=== Records ===
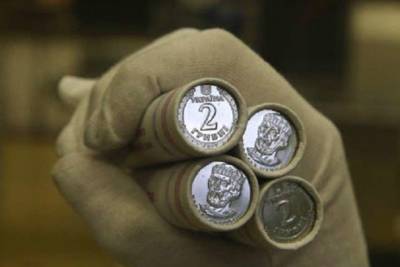 Нацбанк Украины изменит внешний вид гривневых монет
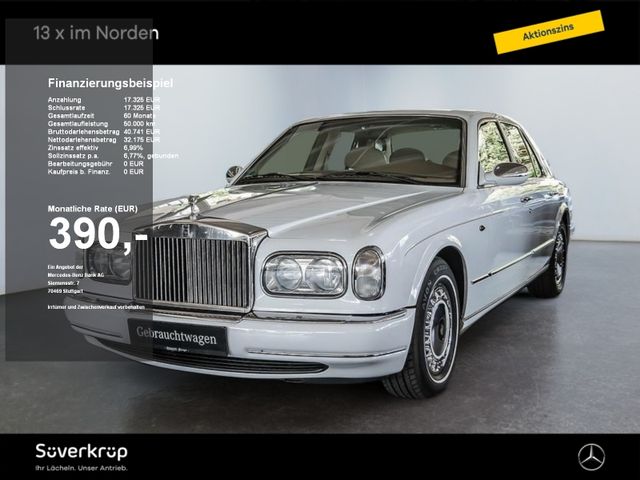 Rolls-Royce Silver Seraph Kom +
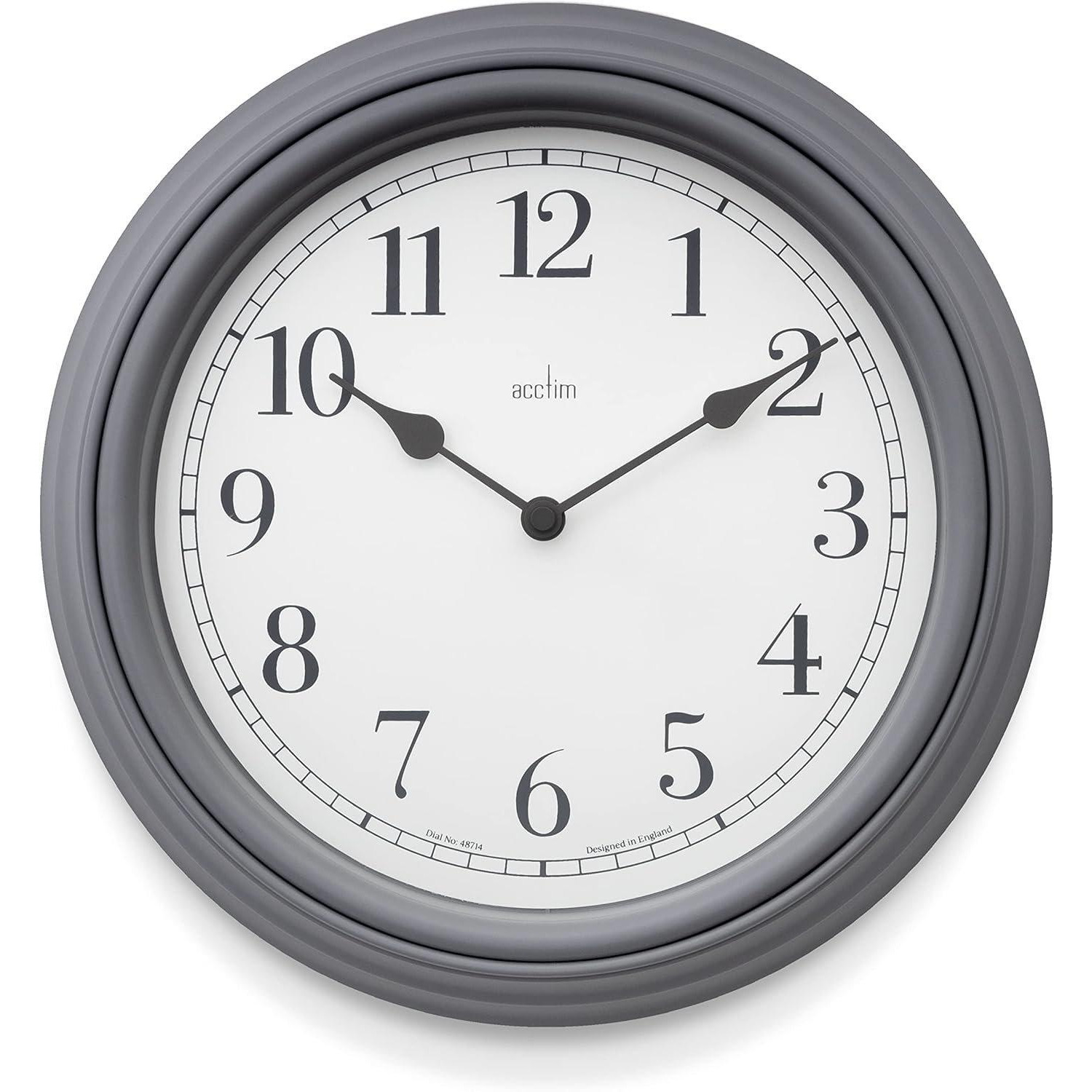 Devonshire Traditional Wall Clock - image 1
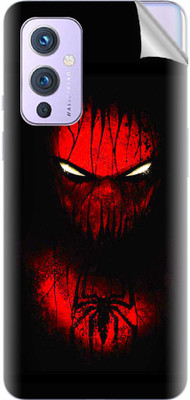 tiddler OnePlus 9 Mobile Skin(Black)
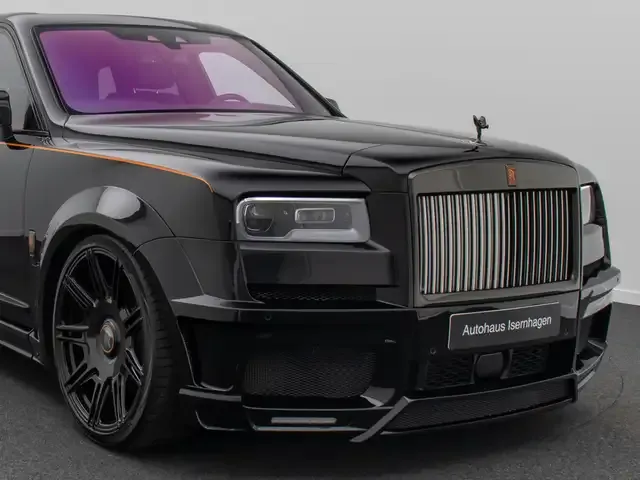 Rolls-Royce Sonstiges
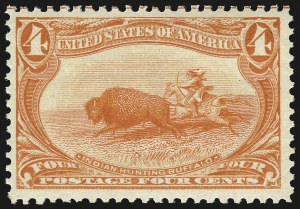 Sale 941, Lot 1199, 1898 Trans-Mississippi Issue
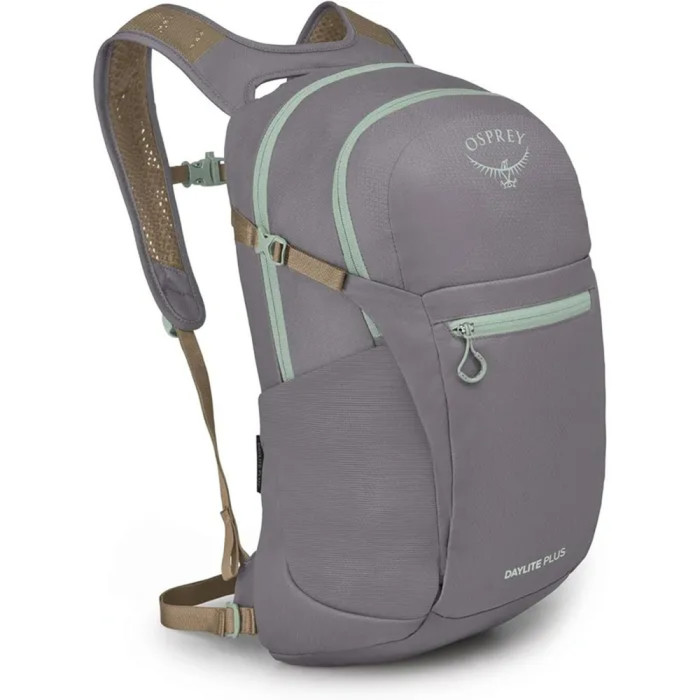 Рюкзак Osprey Daylite Plus soundwave grey/latte brown - O/S - сірий 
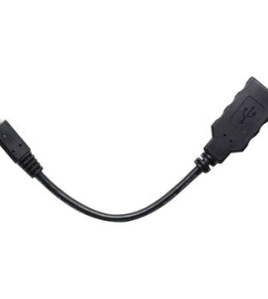 Amimon OTG USB Type-A Female to Micro-USB Male Cable for CONNEX / CONNEX Mini (5.9") – Ground Unit Configuration &amp; Data Interface Cable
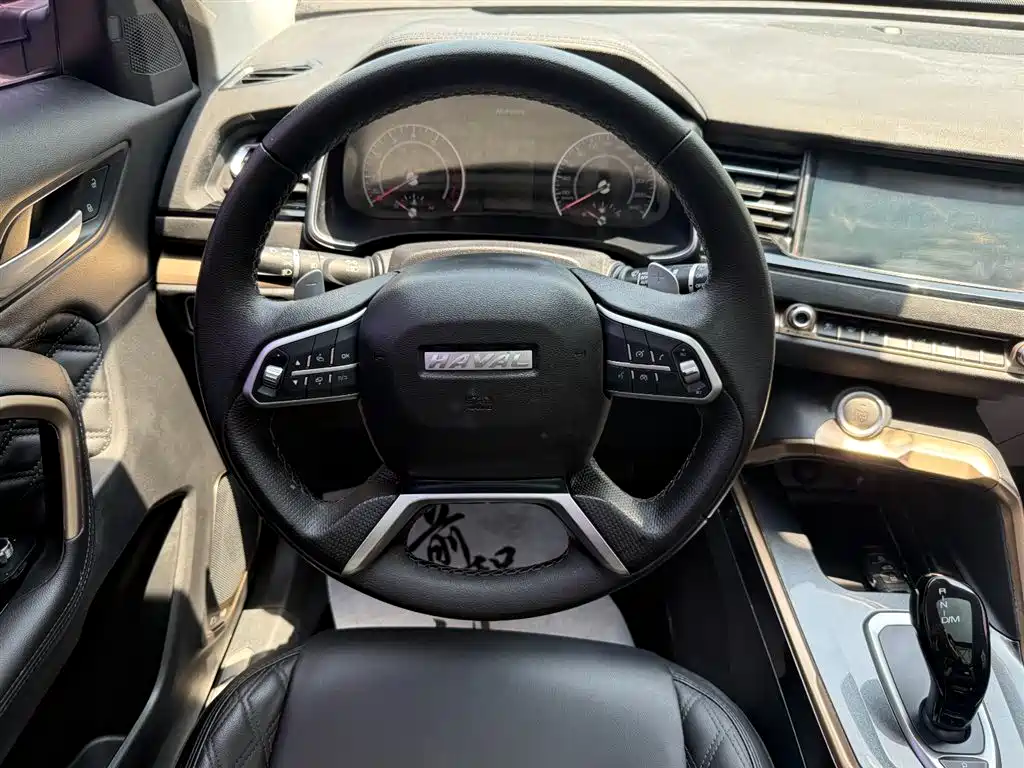 Haval H6 1.5 GDIT Auto Platinum Champion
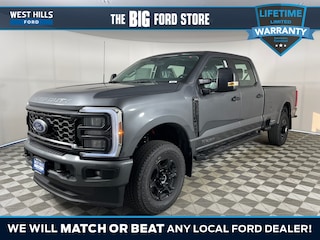 2026 Ford F-350 Truck Crew Cab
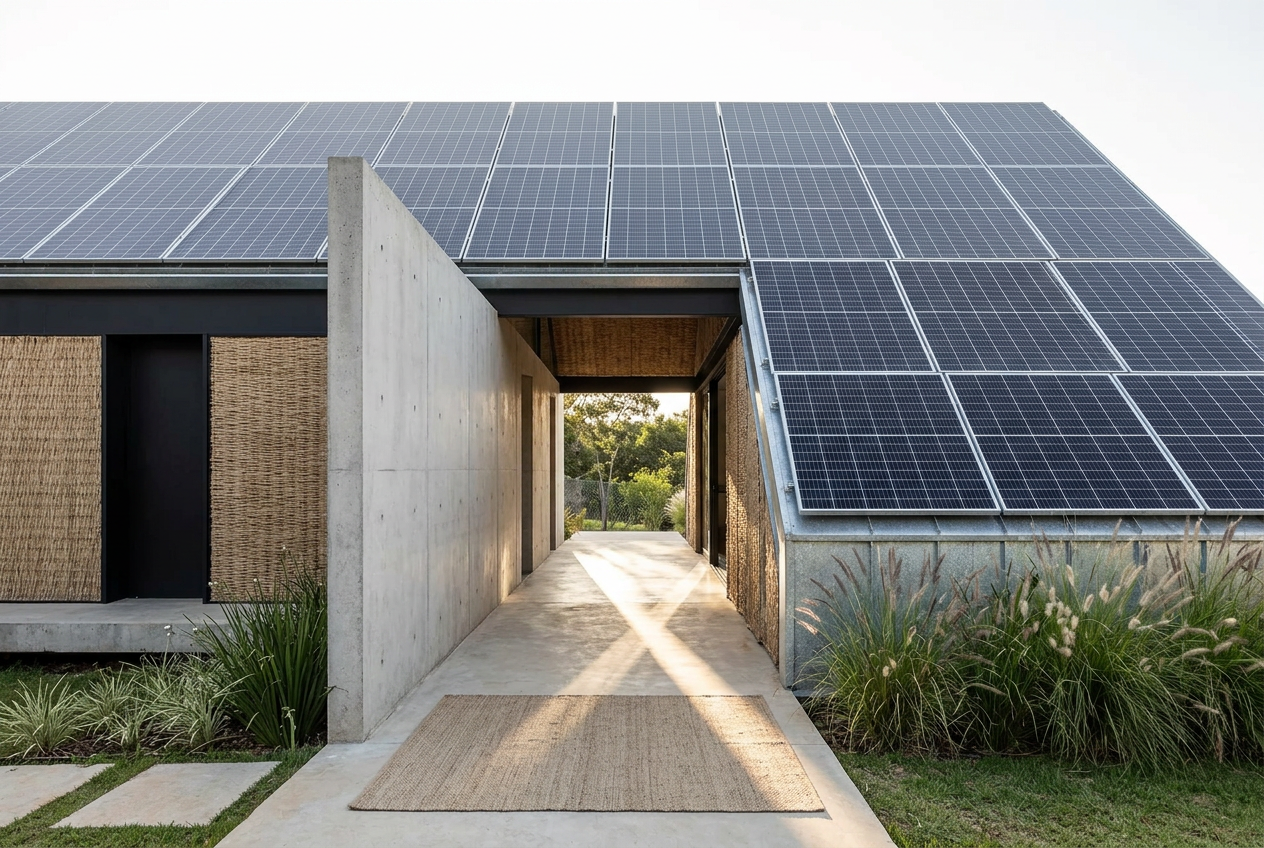 Energia Solar: Guia de Funcionamento e Instalação em 2026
===
Task description:
Produce the material above again in full, with identical lines and no pictures.

Answer for the task:
 Нацбанк Украины изменит внешний вид гривневых монет
 Rolls-Royce Silver Seraph Kom +
 Devonshire Traditional Wall Clock - image 1
 tiddler OnePlus 9 Mobile Skin(Black)
 Rolls-Royce Sonstiges
 Sale 941, Lot 1199, 1898 Trans-Mississippi Issue
 Рюкзак Osprey Daylite Plus soundwave grey/latte brown - O/S - сірий 
 Amimon OTG USB Type-A Female to Micro-USB Male Cable for CONNEX / CONNEX Mini (5.9") – Ground Unit Configuration &amp; Data Interface Cable
 Haval H6 1.5 GDIT Auto Platinum Champion
 2026 Ford F-350 Truck Crew Cab
 Energia Solar: Guia de Funcionamento e Instalação em 2026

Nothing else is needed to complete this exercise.